14. The applicant has filed his appeal and has entered into a recognizance of appeal pursuant to s.200 (a) (b) of the District Courts Act. Appeals from the District Court lies to the National Court as provided for under s.219 of the Act. Section 220 of the Act states:


"220. Institution of appeal.


(1) An appeal under Section 219 shall be instituted—


(a) by notice of appeal; and


(b) by entering into a recognizance on appeal, or by giving other security as specified in Section 222.


(2) An appellant shall give notice of his intention to appeal by lodging, within on month after the day when the decision is pronounced, a notice of appeal with the Clerk of the Court by which the conviction, order or adjudication was made."


15. Note here that pursuant to s.223 of the District Courts Act an appellant could apply for bail pending his appeal in the District Court before the magistrate who presided on the matter or another magistrate. The case of Paul Verol Aisi-v-Malkom Bai (1976) N52 establishes that it is necessary for an applicant pending appeal to establish "exceptional" or "unusual grounds" which principle encompasses a variety of considerations.


16. I am of the view that the variety of considerations includes factor referred to in the case of John Jaminan-v-The State (supra) such as, heath, financial situation or previous good character. However such considerations cannot include those factors which flow as a natural consequence of the conviction and sentence because of the particular status of the convicted person.


17. I consider the comments in the above cases on the issue of "exceptional circumstances" and wish to say that, the decisions in the above cases emphasize and reflect what appears to be an entrenched culture in this jurisdiction where Courts have considered the evidence in the trial at this stage of the appeal to determine whether an application should be granted.
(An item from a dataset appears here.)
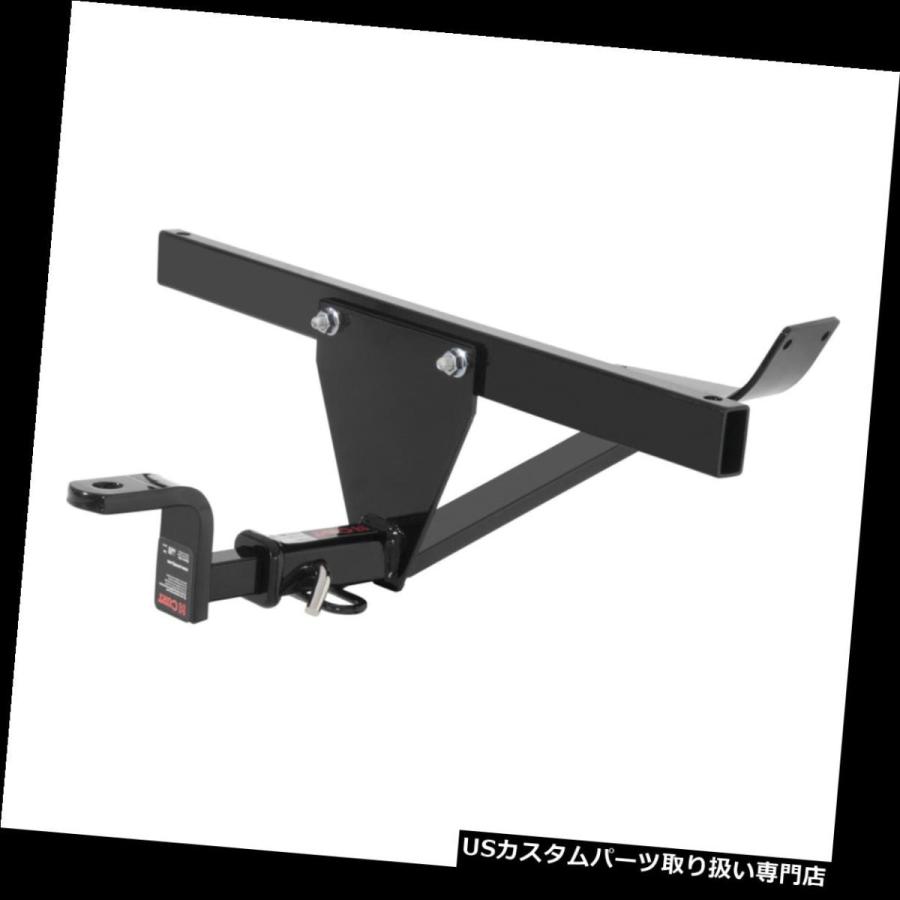 USヒッチメンバー 1-136インチボールマウント付き117363 Curt Class 1トレーラーヒッチレシーバー  117363 Curt Cl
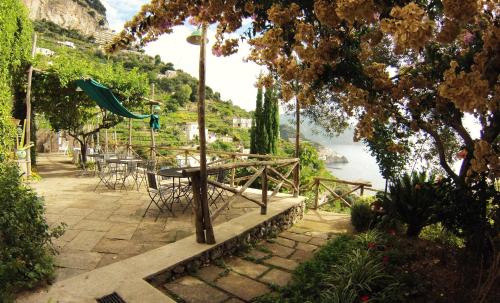 Villa Rina country house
This should not be the case.


18. In this jurisdiction the earlier PNG cases used the same reasoning as the Court in some of the above cases. With respect, I am of the opinion that the Court should never be allowed to look at the evidence at this stage of the appeal because it is not the function of the Court to consider the evidence at this stage to see if there is likelihood of success. To say that the applicant has a good chance of success in his appeal is tantamount to determining the merits of the appeal and this in my view, is not desirable as it would be too premature to determine the success or otherwise of the pending appeal.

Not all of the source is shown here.